Not a day goes by that Pirzadeh doesn’t reflect on how privileged he is to be raised in a country where his creativity and self-expression could blossom. However, “idyllic Sweden,”in Pirzadeh’s words, proved to have its problem as well. As an immigrant, besides being teased for his dark, curly hair, Pirzadeh was exempted from the Swedish universal conscription following an experience which he calls horrendous. “The lady at the service said ‘you’re a child of war, so it’s quite traumatic for you, and being gay, you are a sick child,’” Pirzadeh, with a frown, remembers how shocked he was when he got referred to a psychiatrist. 

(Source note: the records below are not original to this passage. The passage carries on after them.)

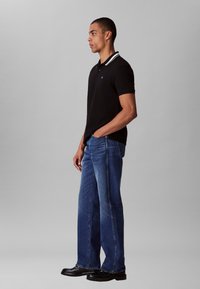 Black polo shirt with white striped collar; paired with blue straight-leg jeans and black shoes, exhibiting a casual fit and clean lines.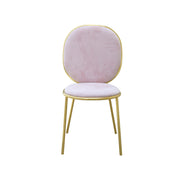 Pink velvet chair with gold frame on a white background
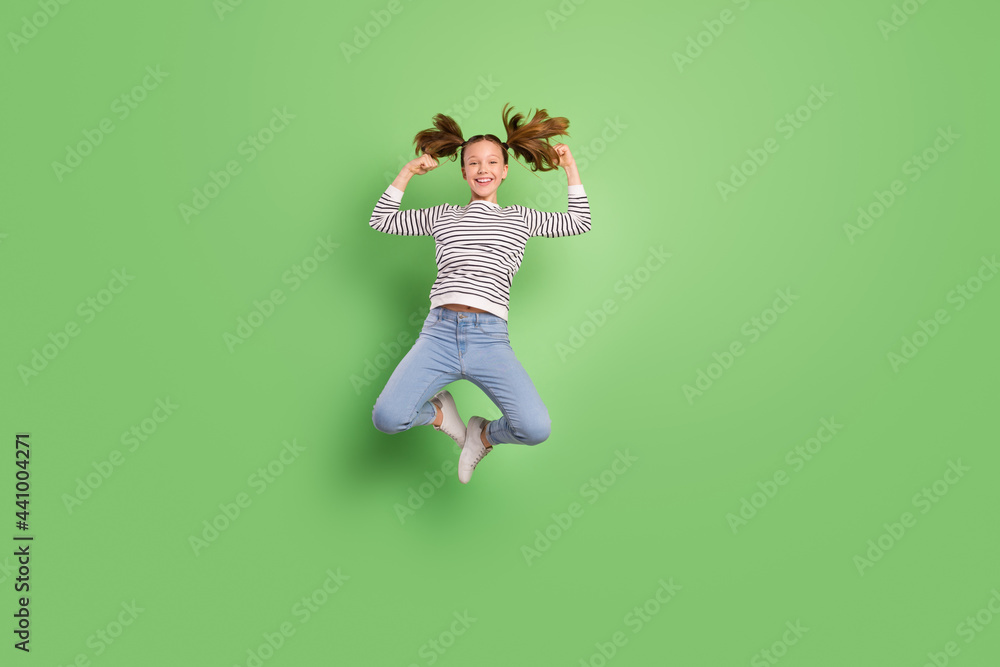 Photo of sweet strong small schoolgirl dressed striped sweater showing muscles jumping high isolated green color background
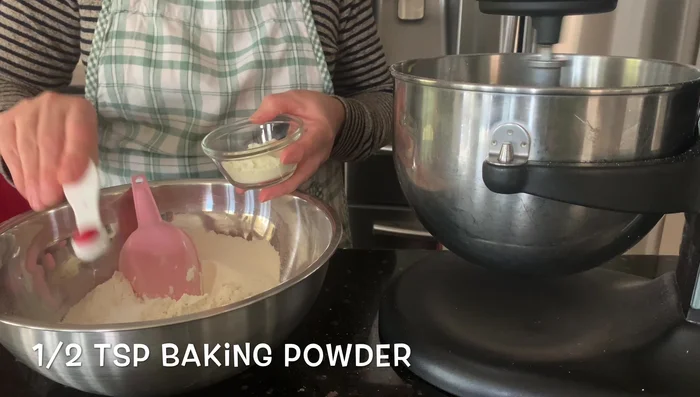 Add flour, baking powder, and salt to the wet ingredients. Mix until well combined.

The hairstylist’s first experience with London is quite the opposite of idyllic, and at that time conservative, Stockholm. Besides the “mayhem,” “neon lights,” and “smokey clubs,” Pirzadeh describes it as “a city of liberation,” where he started his creative rebellion. “I was more easily shaped into whatever agents wanted me to be, and in the end, you just don’t enjoy it anymore,” Pirzadeh reminisces about his earlier career in Sweden, “I’m gonna do my own projects, shoot them myself.” 

Consequently, he relocated to London and built a dream team of similarly rebellious creatives with whom he collaborates regularly with. Stylist Ib Kamara, photographer Rafael Pavarotti, designer Harris Reed, the list goes on, “it’s more about what [we] want to present to the world, not what has a commercial value necessarily.” The sense of community is essentially what fueled the success of Pirzadeh’s creative career, “it's a family, you create the best when you're in a safe environment with people that you love and trust.” 

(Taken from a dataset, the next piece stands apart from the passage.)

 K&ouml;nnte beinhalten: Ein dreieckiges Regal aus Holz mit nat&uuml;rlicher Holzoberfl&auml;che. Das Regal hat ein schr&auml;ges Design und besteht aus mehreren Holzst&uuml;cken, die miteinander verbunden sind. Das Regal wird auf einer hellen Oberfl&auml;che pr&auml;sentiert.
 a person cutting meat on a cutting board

With the support of his “family,” he has a project work in progress, which he has unveiled to me before he goes off for pancakes – a book. “I want to push hair as an art form, so the book entirely will be about sculptural beauties.” Anyone could have mistaken Pirzadeh for a surrealist sculptor or an art deco architect when he speaks about his creative practice. Pirzadeh sculpts hair with layer after layer of products and embellishments, which often takes several days to complete.

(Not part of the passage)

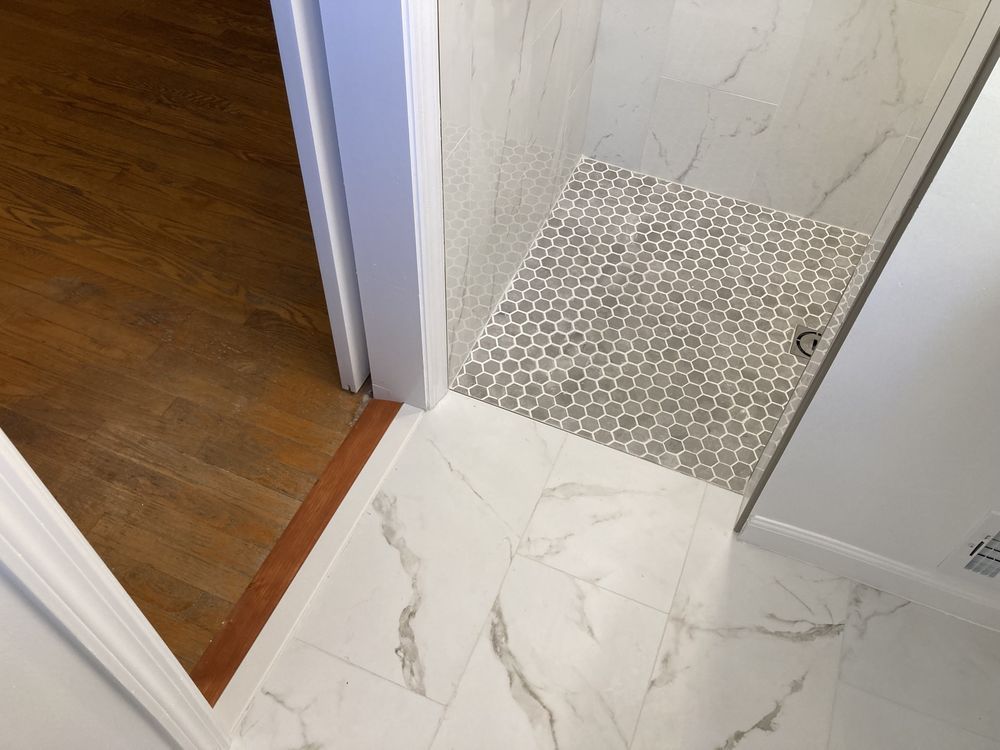 A bathroom with marble tiles and a walk in shower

The hairstylist expresses mixed feelings about social media and the generation of hair-inspired content creators it breeds – think fifteen-second-long tutorials on how to do a ponytail. He appreciates the diversity, but he wants to distance himself from the fast-paced internet culture and preserve the artistic background of hair. Pirzadeh undoubtedly knows how to make art out of hair, but hair is, to him, beyond a medium for fashion statements: it is an expression of politics, of freedom, of liberation, of sexuality, of power.

Pirzadeh is already on a call the moment he sets foot outside of the cafe. It might seem like he is just another busy hairstylist, but he is one that carries missions. The artistic vanguard is to lead the renaissance by bringing craftsmanship back to hair, and also as an Iranian revolutionary icon, inspire his compatriots to resist by exploring the expressive side of their identity. That is, after pancakes of course.